Mia figlia di 4 anni ha appena messo l’espansore fisso per il palato, in media per quanto tempo i bambini di questa età devono tenerlo, poi una volta tolto bisogna mettere un altro apparecchio?

 

Di norma l’espansore palatale deve essere portato per 10-12 mesi. E’ prevista una fase attiva durante la quale la vite centrale è attivata progressivamente. La sua durata è variabile, e dipende dalle necessità di espansione del singolo bambino. Il numero di attivazioni è stabilito dall’Ortodontista che ha in cura il piccolo paziente. Al termine dell’allargamento, l’espansore deve essere mantenuto in sede circa 9 mesi, affinchè l’osso neoformato possa consolidarsi e il risultato sia stabile nel tempo.

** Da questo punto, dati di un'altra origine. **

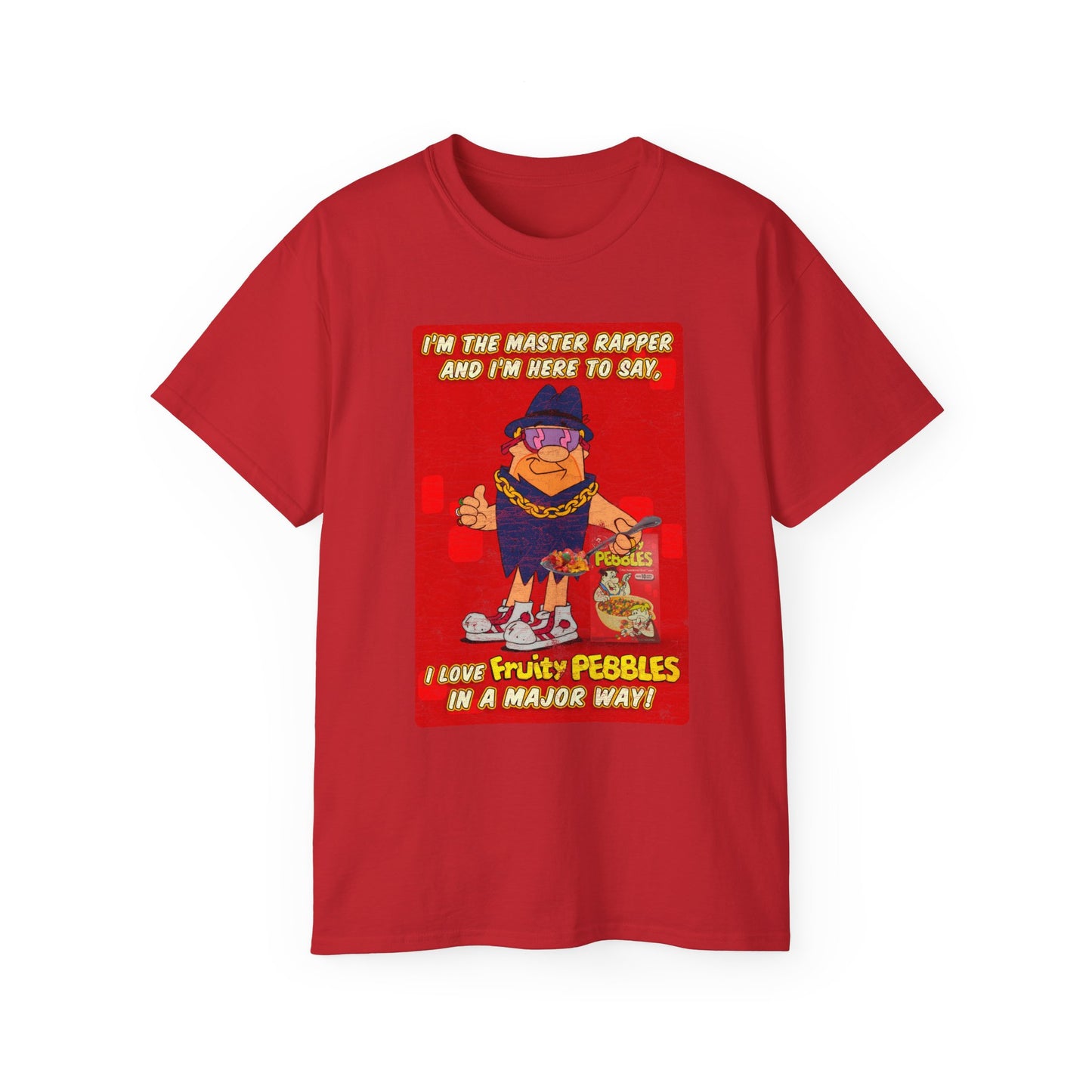 Master Rapper Cereal Mascot Distressed Unisex Tee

Non è possibile fornire indicazioni generali sulla necessità di un ulteriore apparecchio ortodontico dopo l’espansione del palato. Alcuni pazienti non necessitano di altri interventi a breve termine, in altri casi invece è opportuno utilizzare dispositivi mobili o fissi. Dipende dalla malocclusione del singolo paziente. Solo l’Ortodontista che lo ha in cura può stabilire come intervenire e con quale tempistica.